Decision tree attack:   0%|          | 0/800 [00:00<?, ?it/s]

Accuracy on adversarial test data: 0.19125


Here, we observe an accuracy on the adversarial test data of 0.19, which is a very poor result compared to the initial accuracy of 0.81. This can be explained by the fact that our dataset is not very large, and that the designed attack is inherently designed to be effective against decision trees.

## XGBoost Classifier and Robustness Verification

In [164]:
from xgboost import XGBClassifier

# Create a decision tree classifier
model = XGBClassifier(n_estimators=4, max_depth=6)
model.fit(X_train, np.argmax(y_train, axis=1))

# Evaluate the classifier on the test data
y_pred = model.predict(X_test)
print('Accuracy on test data:', accuracy_score(y_test, y_pred))

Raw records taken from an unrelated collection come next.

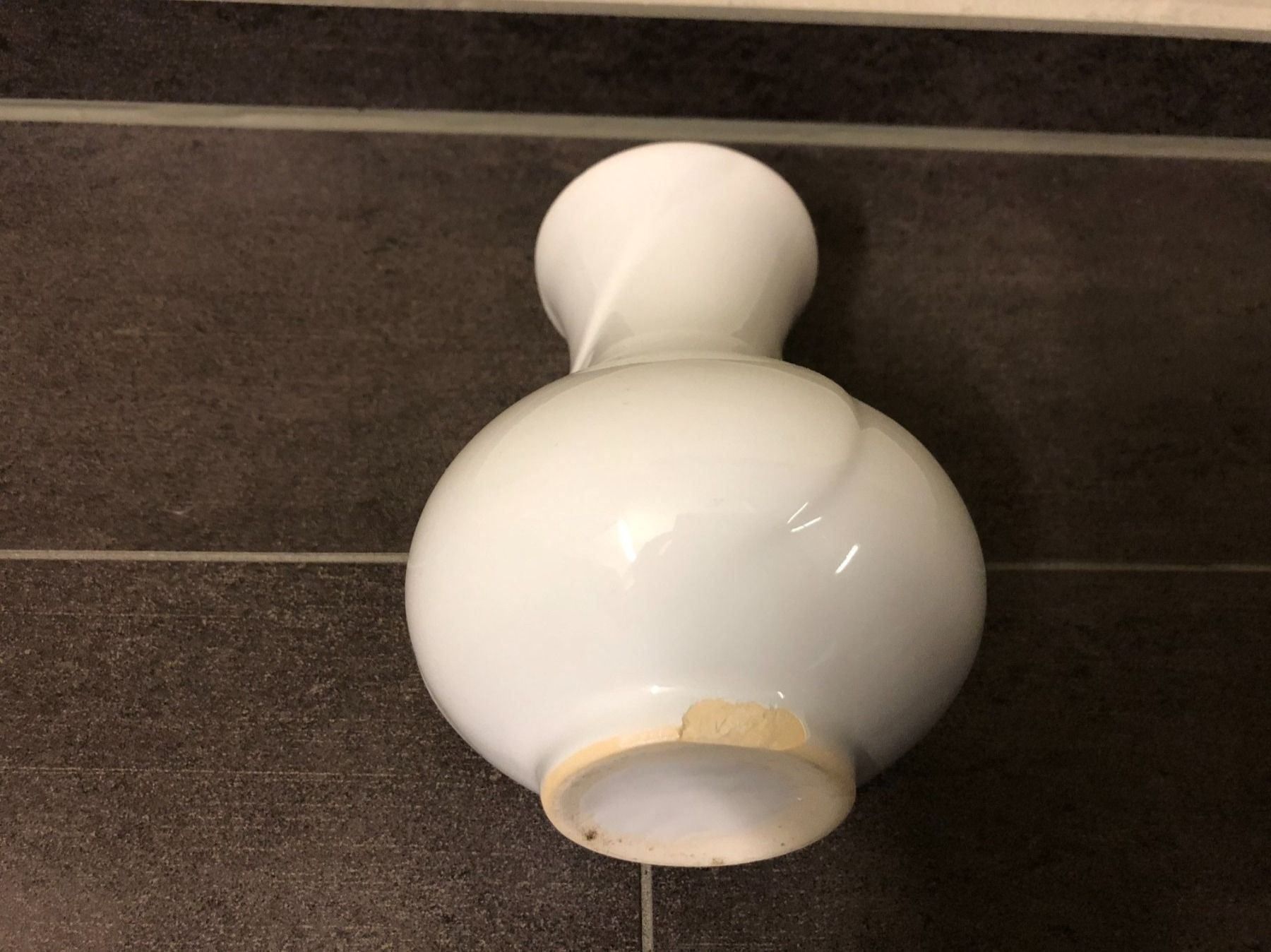 Vasi & Recipienti: Blumenvase schlicht und elegant – Usato da Hagendorn venduto da Teora66 2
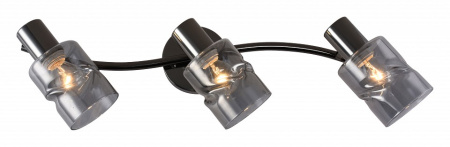 Фото Спот Escada Twist 1133/3 Black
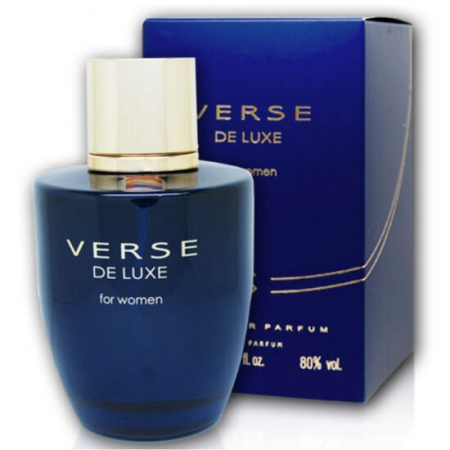 PARFUMURI - Apa de Parfum Cote d'Azur Verse de Luxe, Femei, 100 ml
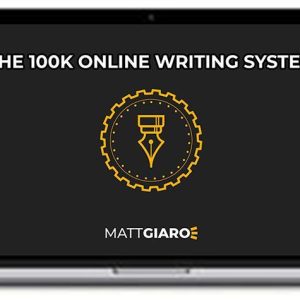 Matt Giaro – The 100k Online Writing System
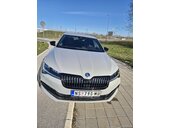 Škoda Superb Sportline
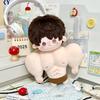 Anime Love And Deepspace Caleb Cosplay Muscle Doll Rafayel Zayne Caleb Aster Sylus Plush Toy Fans Girl Gift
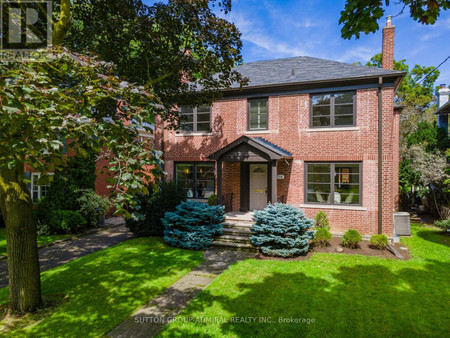 216 Glencairn Avenue, Toronto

Accuracy on test data: 0.84


As a final study of robustness, we study the robustness verification of the XGBoost model using the RobustnessVerificationTreeModelsCliqueMethod. This method is based on the paper "Robustness Verification of Tree Models" (https://arxiv.org/abs/1906.03849) and is designed to verify the robustness of tree models to adversarial attacks. It is based on the computation of the average bound and the verified error at a given epsilon. The average bound is the average of the maximum perturbation that can be applied to the input data without changing the output of the model. The verified error is the maximum error that can be obtained by applying a perturbation of epsilon to the input data.

In [166]:
from art.estimators.classification import XGBoostClassifier
from art.metrics import RobustnessVerificationTreeModelsCliqueMethod

model = XGBClassifier(n_estimators=4, max_depth=6)
model.fit(X_train, np.argmax(y_train, axis=1))

classifier = XGBoostClassifier(model=model, nb_features=13, nb_classes=2)

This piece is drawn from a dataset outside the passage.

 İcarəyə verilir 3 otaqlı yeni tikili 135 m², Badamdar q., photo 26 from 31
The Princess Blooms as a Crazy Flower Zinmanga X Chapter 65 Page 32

rt = RobustnessVerificationTreeModelsCliqueMethod(classifier=classifier)
average_bound, verified_error = rt.verify(x=X_test, y=y_test, eps_init=0.3, nb_search_steps=10, max_clique=2,
                                          max_level=2)

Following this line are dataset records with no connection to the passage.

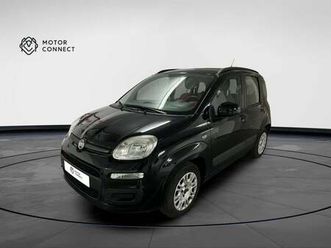 fiat panda 1.2 lounge 69cv gasolina/glp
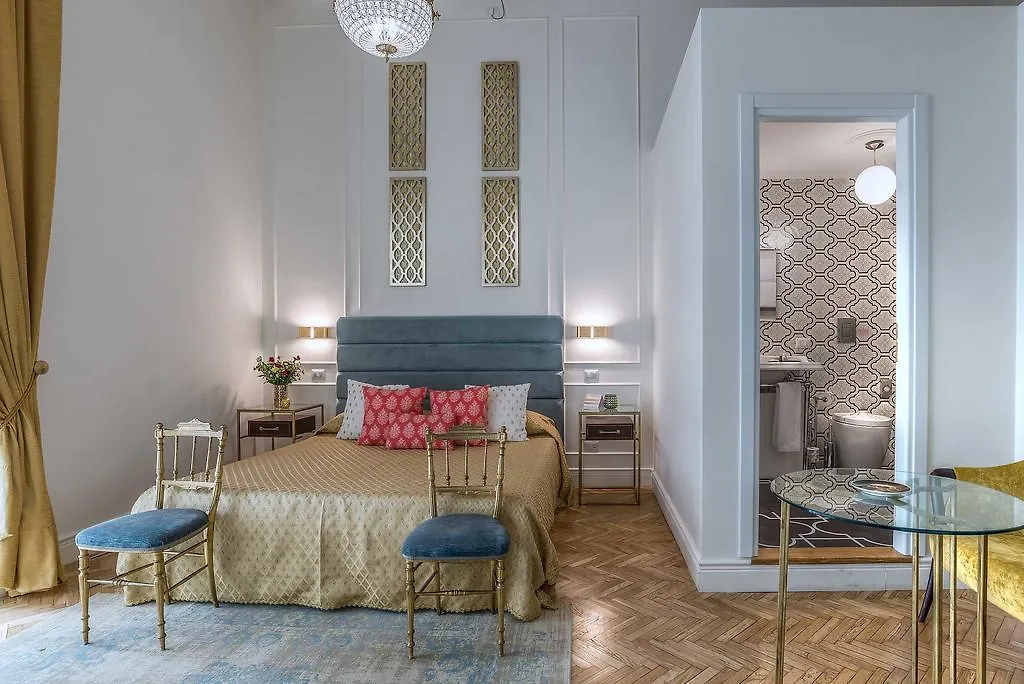 Ingrami Suites And Spa Rome 3*,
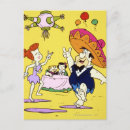 Search for fred postcards Bam bam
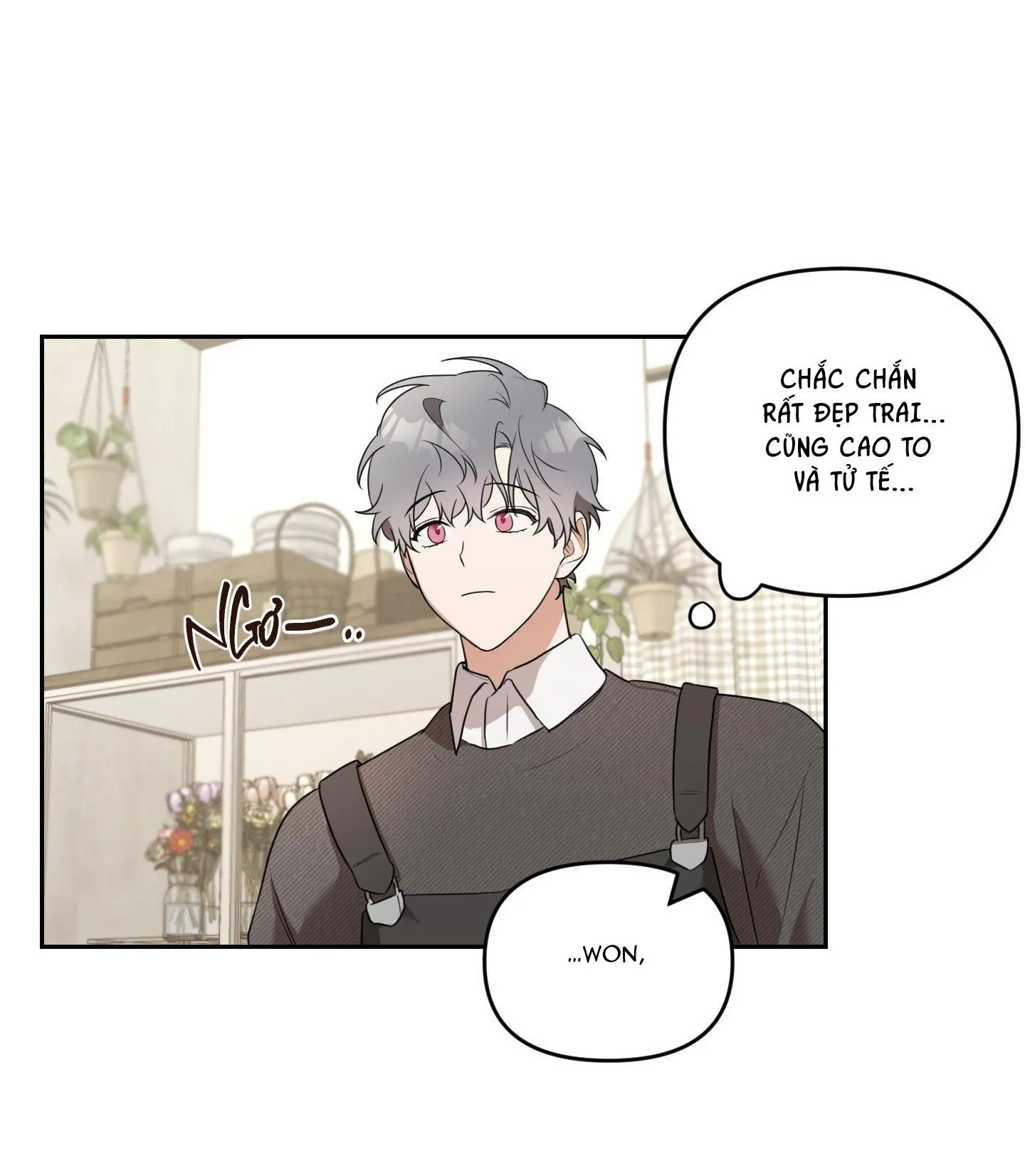 VƯỜN HOA Chapter 2 Trang 59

print('Average bound:', average_bound)
print('Verified error at eps:', verified_error)

Decision tree verification:   0%|          | 0/800 [00:00<?, ?it/s]

Average bound: 0.11629101562500047
Verified error at eps: 0.735


The average bound is 0.116, which is of the same order of magnitude as the empirical robustness of the SVC model. 

The verified error at $\epsilon=0.3$ is 0.735, which we consider to be a good result. Indeed, the value of $\epsilon$ is quite large, making the attack noticeable, and the verified error is on the other hand quite small, meaning that the model is robust to this attack.